Glad you joined us. About getting started. Your on the right track, small projects first, but down the road your going to need a table saw. Do your research and buy the best you can afford. I met a very wise man years ago who offered me a simple piece of advice that has stood the test of time. "You buy a cheap tool you buy it many times, you buy the best tool it lasts you a life time."


----------



## therealSteveN (Oct 29, 2016)

Welcome. If also getting a tool collection going, let the need to keep making help choose the next tool. Fitting out the new shop can give you a bunch of projects to accomplish for that, from cabinets/storage, to jigs, and possibly even a few home made tools.

Enjoy yourself.


----------



## tywalt (Dec 13, 2017)

Great advice so far and I agree with it all. If you just bought a miter saw… you're going to want a shop vac soon. They are notorious for making a mess. Many people have a dedicated vac/collector on their miter saws for this reason. Tons of info on dust collection on this site and all over the net. If you're just getting started, it can get a bit overwhelming. For <$100 you can pick up a decent shop vac at the local big box that will at least get you started. If you don't get a vac yet, get a respirator (probably would get one anyway) to wear when making dust.


----------



## clin (Sep 3, 2015)

Welcome to LJ's.

Of course, there are alternatives to every power tool. But I think most would agree that a table saw is a near must. I for example, do not have a miter saw. I've only used a borrowed one doing some work at my daughter's house cutting a bunch of baseboard and trim. In the shop, I can do anything that I would use a miter saw for with my table saw. Point is, we all have different needs, wants and workflows.

Some guys will say a jointer is a necessity, others (like myself) don't need one often enough to justify the space it needs. There are ways to get the job done, less conveniently, with things like planer sleds and table saw jigs.

I have found a thickness planer to be very useful. It is pretty much a necessity if you want to work with rough sawn lumber.

While you've mentioned having some of these tools, I'll mention this for completeness.

I'd say a circular saw is close to a must have tool. Quite handy for breaking down sheet goods in your driveway or cross cutting long boards to manageable lengths. Of course, if you have a miter saw station that is setup to allow for cutting long boards, you wouldn't need one for that.

A track saw might allow you to get by without a table saw. At least concerning working with sheet goods. Though, I still think there are some cuts you just can't do without a table saw; like ripping boards accurately.

Hard to image NOT having a router. A smaller trim router may be more useful than a larger router. Many people have multiple routers.
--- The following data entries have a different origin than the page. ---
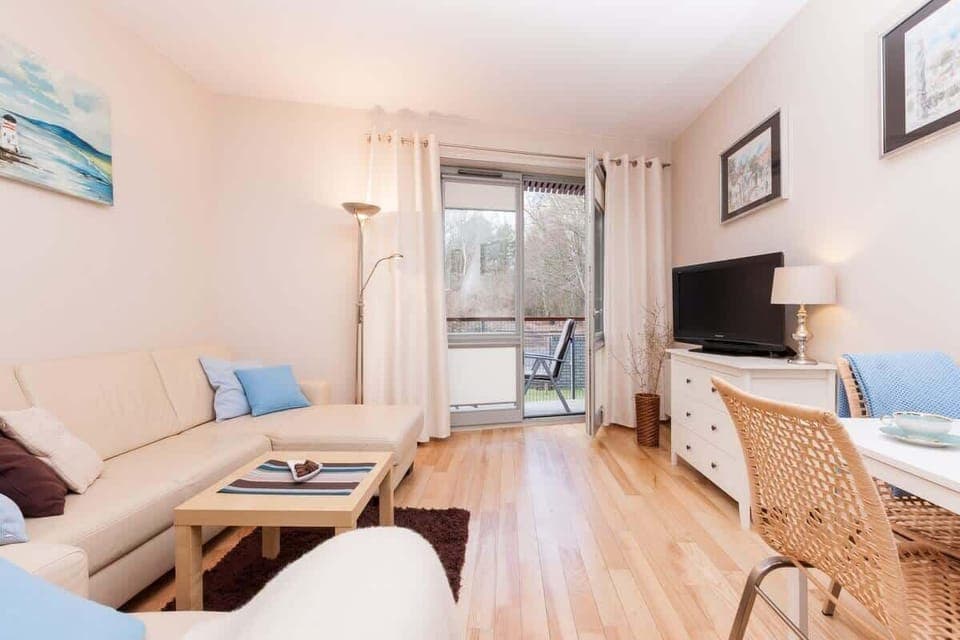 A cozy living room with a light-colored sectional sofa and blue accent pillows. The room also features a wooden coffee table and soft lighting.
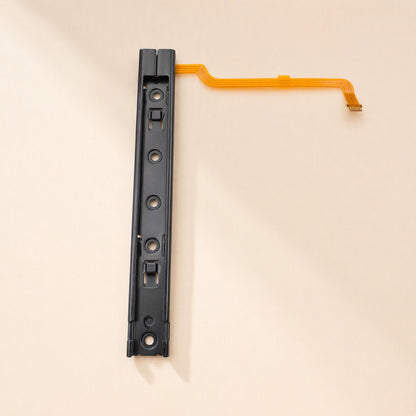 Railglide – Single black slide rail from above with four screw holes and a long orange flex cable extending right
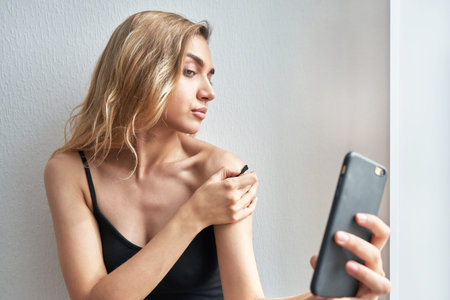 Beautiful young blonde with loose hair takes a selfie on a mobile phone and lowers the strap on her bare shoulderの写真素材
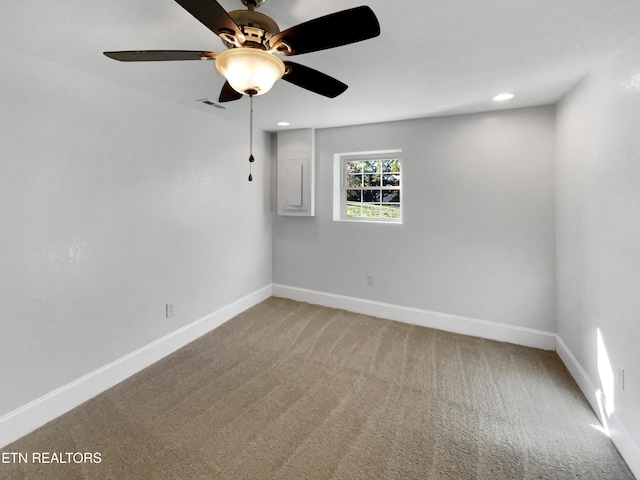 carpeted empty room featuring ceiling fan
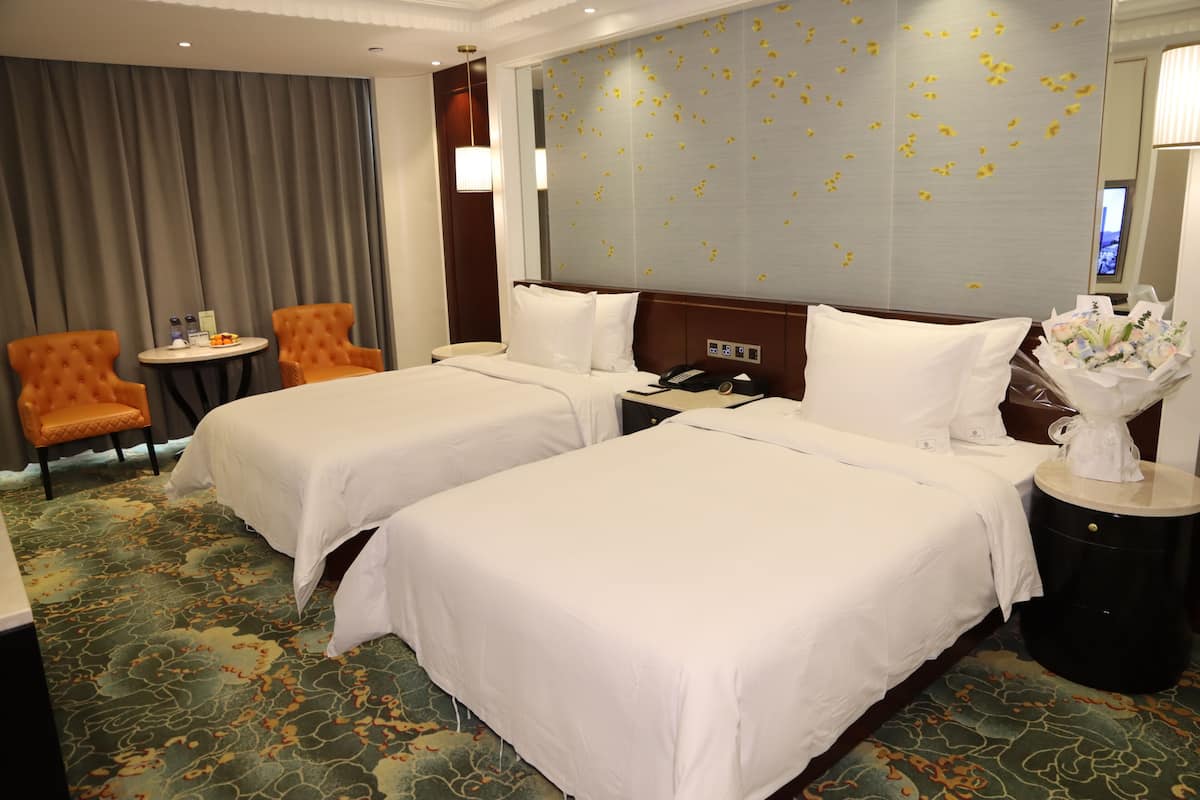 A hotel room with two beds, a small table with a chair, a nightstand, and a decorative wall.
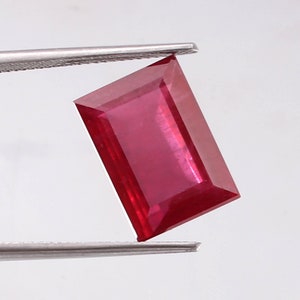 May include: A vibrant red rectangular gemstone with a faceted cut. The gemstone is held by tweezers against a white background.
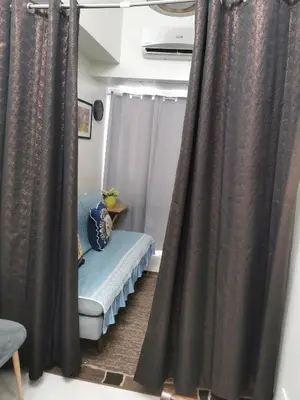 a room with curtains and a bench in a room at Moa SHORE 3 TOWER 2 RESIDENCE in Manila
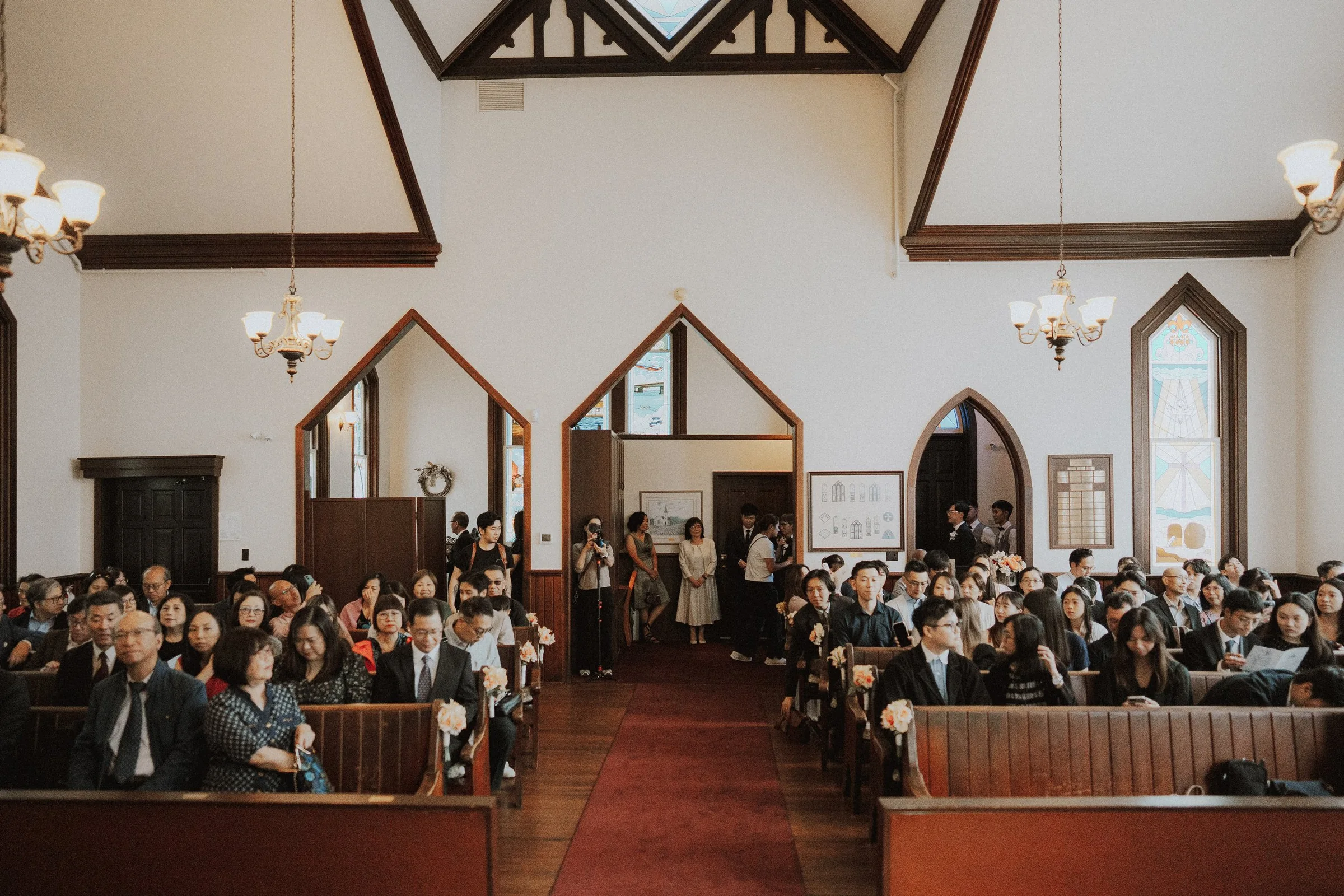 Wide view down Minoru Chapel's central aisle with guests seated on both sides.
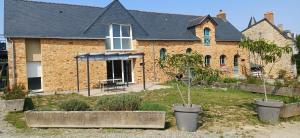 a house with two potted trees in front of it at Logis de la Provosterie CLICRO in Ahuillé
I've gotten by without having a band saw, but this would be a must-have if you want to do any significant resawing. Though again, you can do this to some degree with a table saw if the board isn't too wide. I'd have a band saw if I had the room. My shop is a converted single garage bay (~12' x ~24').

And well, clamps, no such thing as having too many clamps.
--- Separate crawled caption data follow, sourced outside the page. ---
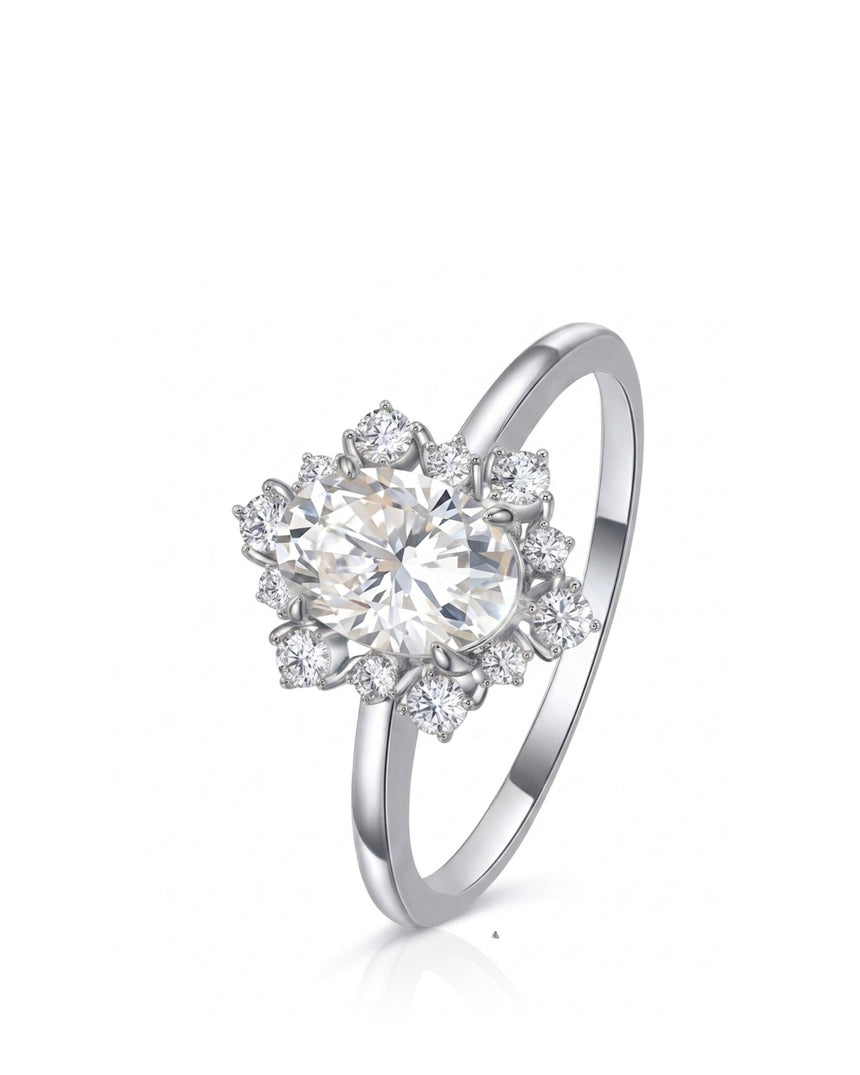 Oval moissanite engagement ring with floral halo and round accents crafted in platinum | SARATTI
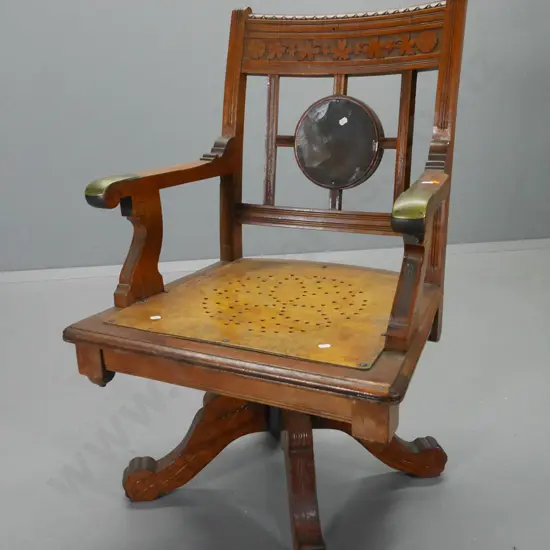 vintage carved oak office chair with carved top rail, brass caps on arms H910 W560 D520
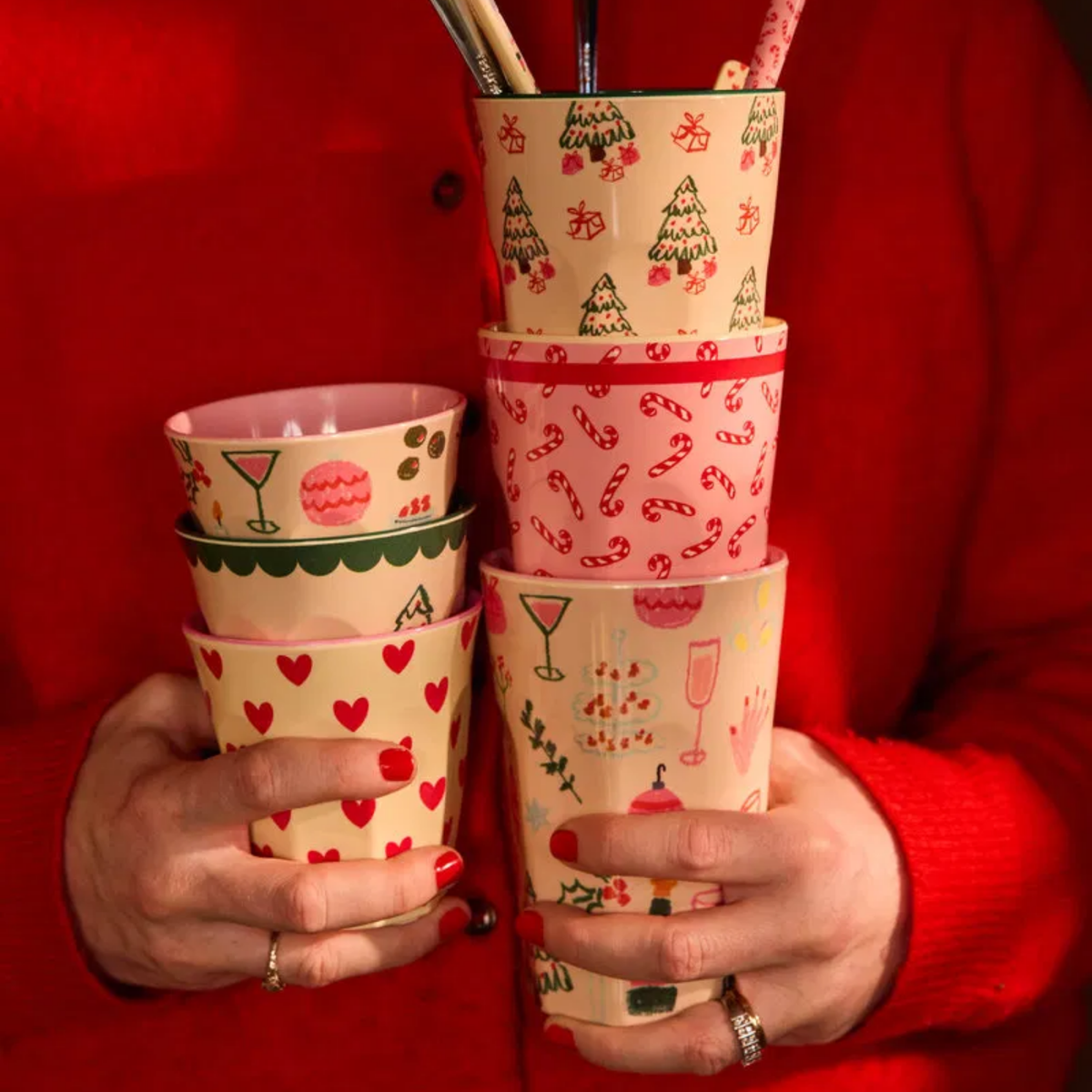 Tall melamine cups set, pink with red holiday prints, held in hands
As for most other power and hand tools, I'd let the project needs drive the purchase.

Inevitably you will buy some tools you will use more than you ever imagined, others you'll wonder what you were thinking. A lot of this will come down to what you prefer using. Like using a router versus a table saw to cut dados. Miter saw vs table saw for crosscuts.


----------



## jonah (May 15, 2009)

You never want to start with tools. You should start with projects, and buy tools as you need them.

If you have a long term objective project in mind, you can keep an eye out for used tools on Craigslist/Facebook marketplace, but if you start with tools you probably won't buy what you actually need.

There's also a lot of ways to do things, and this describes some tools more than others. For example, you can do everything a table saw does several different ways, but there's really only one other way to do what a planer does, and it's extremely difficult and labor intensive.


----------



## rwe2156 (May 7, 2014)

With your space limitations, a table saw will be in issue.

You might consider a "table sawless" shop that is built around a track saw.


----------



## MrDJC (Jun 15, 2020)

Thanks for the replies. As Jonah mentioned, start with projects. We bought this house 3 years ago and a number of projects have come up. I had a "shop" several years back. I had a Delta contractors table saw with a Biesemeyer fence, a router table attached to it, an Incra miter gauge and a collection of blades. My favorite and most used tool. A band saw, and a few ather tools. We moved into a townhouse and I sold a lot of it. BIG mistake!! I kept my hand tools. I still hove the Bosch router and its accessories, Circular saw, saber saw, orbital sander and a pin nailer. I still have my chisels and couple of block plains. A small collection of clamps. And some other misc. stuff. We retired and bought this house and now I have room for a shop again. It's an odd house, it has two garages. I large oversize two car garage on one end and a single car garage on the other. I do my mechanic work in the big garage. And have it set up so I can work on engines and stuff. I have a 67 MGB I restored. Wood work and mechanic work in the same shop doesn't mix. I been wanting to do this for awhile and this last week I cleaned out the little garage. A clean slate. I've seen some pretty cool small/one car garage shops on Youtube. I ordered the miter saw cause I have some trim work and some cabinet repairs in the house and build some benches in the "shop". I want a nice table saw, a contractor or hybrid. I look at the job site portables and I think I'll regret it in the long run and I should spend the money and get a big table saw. Yesterday I got the last of the stuff out of the garage and hosed the floor down.


----------



## clin (Sep 3, 2015)

Concerning a table saw and size. Don't assume a contractor saw is smaller than a cabinet saw. At least in terms of depth. The motor hanging off the back of contractor saw sticks out pretty far. I have a similar size shop and have a 36" SawStop PCS cabinet saw. I have the ICS mobile base which allows my to rotate the saw in place. If I want, it is easy for me to push it up against the wall.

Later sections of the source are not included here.